GENEVA (Reuters) - Somalia’s worst drought in a decade is pushing growing numbers of children into near-famine conditions and deepening the humanitarian crisis caused by political violence, the United Nations warned Tuesday.
Some 3.2 million Somalis are among an estimated 19 million people in the Horn of Africa in urgent need of life-saving food assistance, top U.N. aid officials said.
Drought and high local food prices have also left 12 million people in Ethiopia and another 3.5 million in Kenya short of food supplies, they said.
“We’re now facing a drought in Somalia that is worse than people have seen for at least a decade,” Mark Bowden, U.N. humanitarian coordinator for the country facing its fourth straight year of drought, told a news briefing in Geneva.
“Roughly 45 percent of the (Somali) population is suffering from moderate malnutrition.”
In parts of central and southern Somalia, 24 percent of children under five suffer from acute malnutrition, he told the briefing.
Bowden, speaking later to Reuters, said that rate amounted to some children living in “near-famine conditions.”
He said that while Somalis were not currently dying of starvation, as seen there in the early 1990s, their cattle were dying from a lack of water. “We’ve got more people across the board suffering and a loss of livelihoods,” he said.

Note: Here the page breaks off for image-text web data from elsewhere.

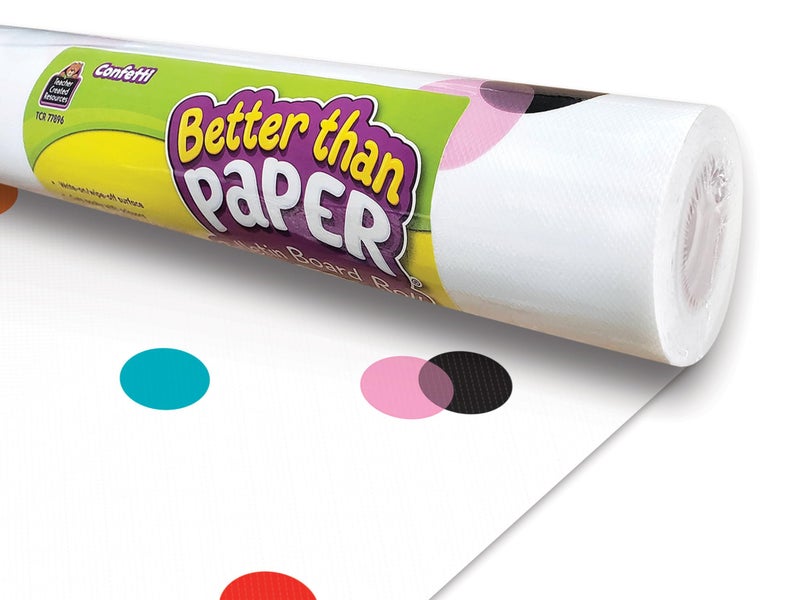 Teacher Created Resources Confetti Better Than Paper Bulletin Board Roll - Image 1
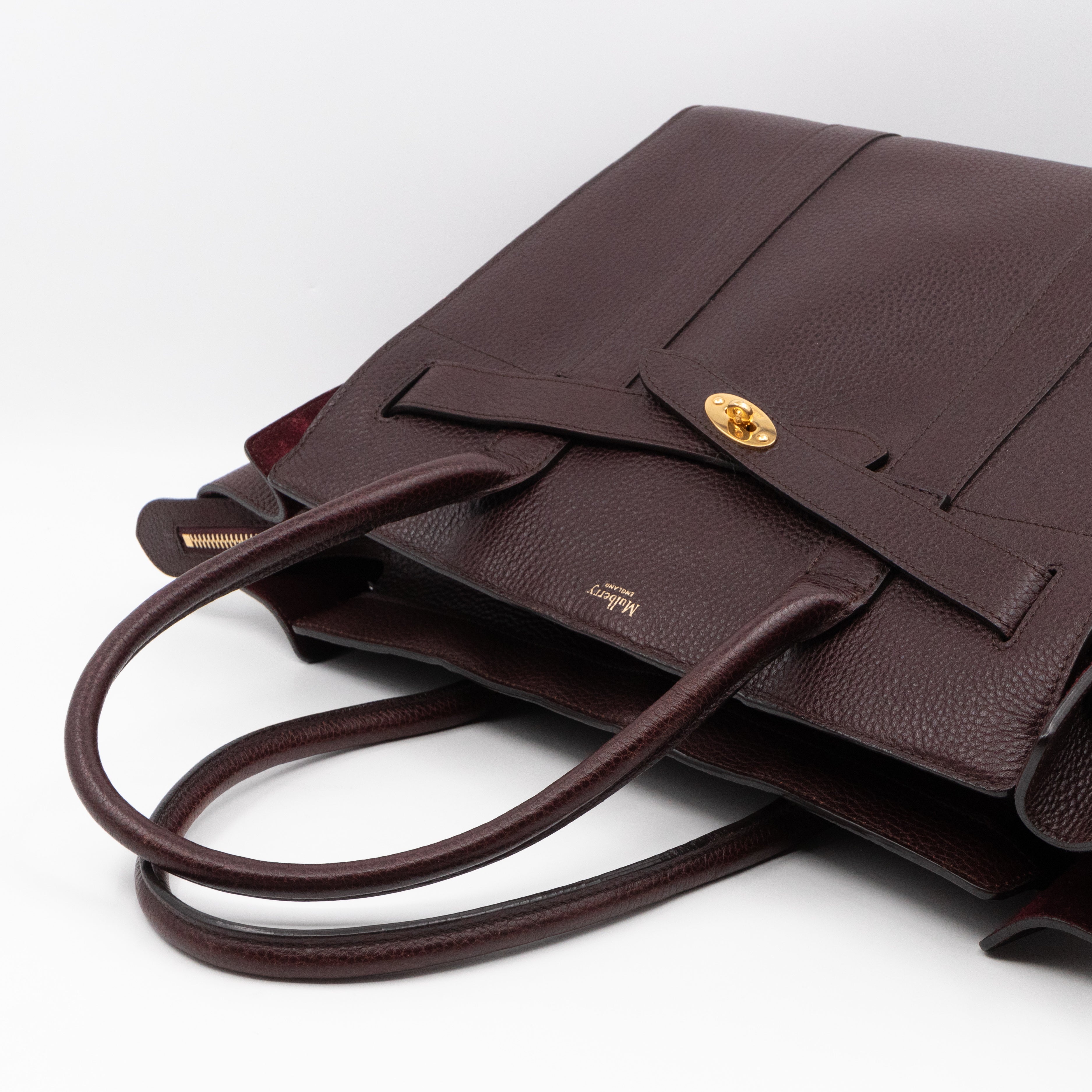 Large Zipped Bayswater Oxblood Leather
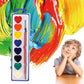 💖Valentijnsdag Hot Sale🔥Mini-aquarelverfsetjes+ 3 penselen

Some 1.1 million people in Somalia have been driven from their homes, including thousands who have fled intensified fighting since the weekend in the capital Mogadishu between Islamist militants and the government, according to Bowden.
The target for a U.N. appeal for Somalia this year has been increased to $984 million, but is only one-third funded by donors to date.

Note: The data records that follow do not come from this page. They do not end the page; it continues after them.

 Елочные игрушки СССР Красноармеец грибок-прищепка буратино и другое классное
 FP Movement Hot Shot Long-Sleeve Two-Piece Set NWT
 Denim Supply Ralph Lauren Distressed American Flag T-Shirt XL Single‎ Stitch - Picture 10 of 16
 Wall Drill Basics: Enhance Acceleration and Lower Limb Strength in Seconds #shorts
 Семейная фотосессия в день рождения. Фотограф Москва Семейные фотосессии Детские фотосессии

“The main message is that the appeal certainly needs to be met more rapidly in terms of being able to respond to what is a deepening crisis in Somalia,” Bowden said.
John Holmes, the U.N.’s emergency humanitarian coordinator, said dwindling remittances from abroad were compounding problems faced by populations “chronically living on the margin of survival” in all three countries.

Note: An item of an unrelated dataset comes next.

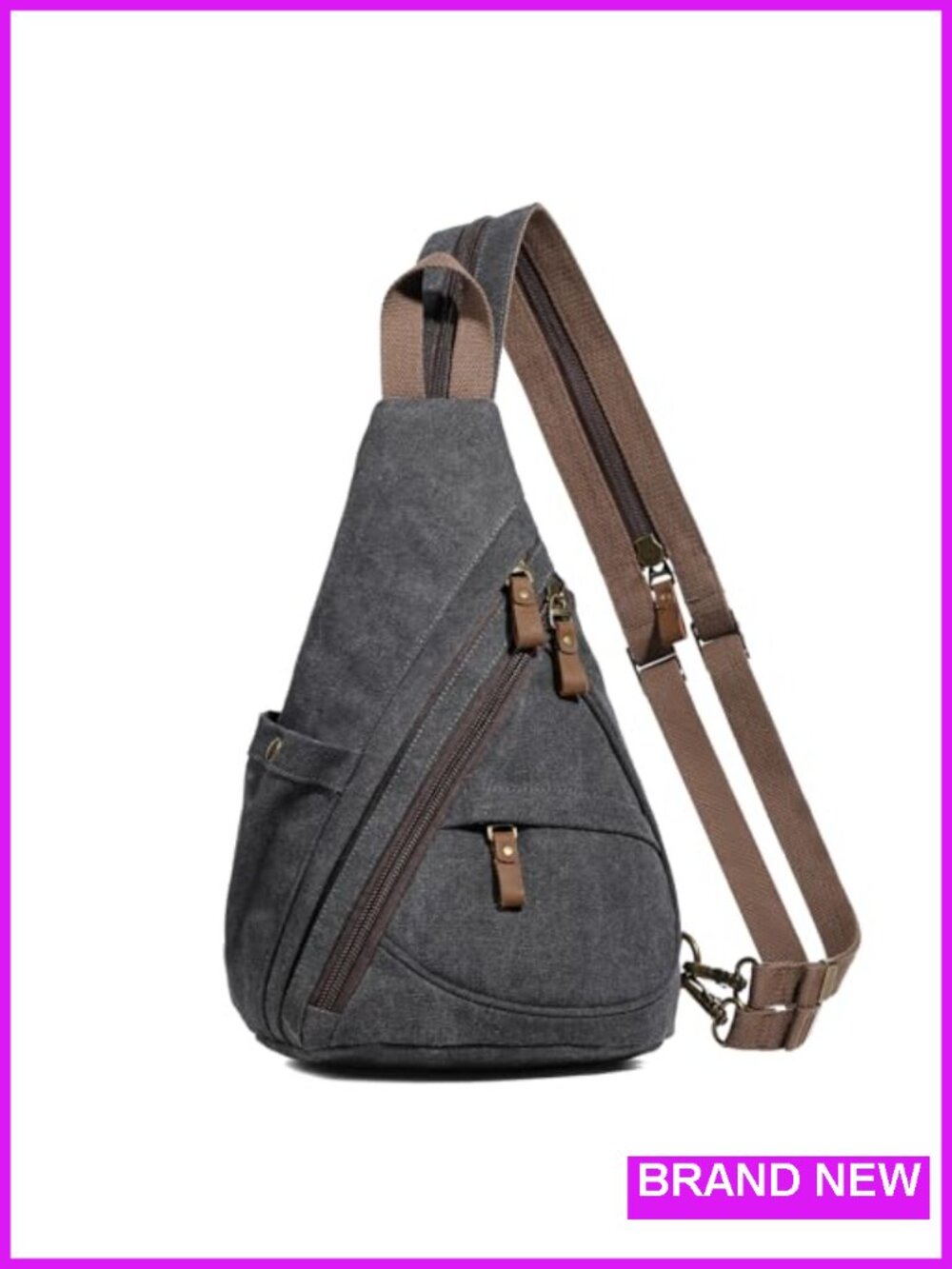 Canvas Sling Bag Crossbody Backpack Daypack for Men Women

“This is not the easiest international economic context in which to be asking donors for extra resources, but we believe the seriousness of the situation does warrant that,” Holmes said of the Horn of Africa.
In Ethiopia, rains were patchy, sparking fears that the harvest will be very poor, he said. However, the Ethiopian government’s strategic grain reserves were in a better position than this time last year.
Kenya is reeling from a drop in tourism and lower remittances, as well as drought, according to Aeneas Chuma, U.N. resident coordinator in the country.
“The expectations are that in the next few months there will be a very serious shortage of cereals in the country,” he said.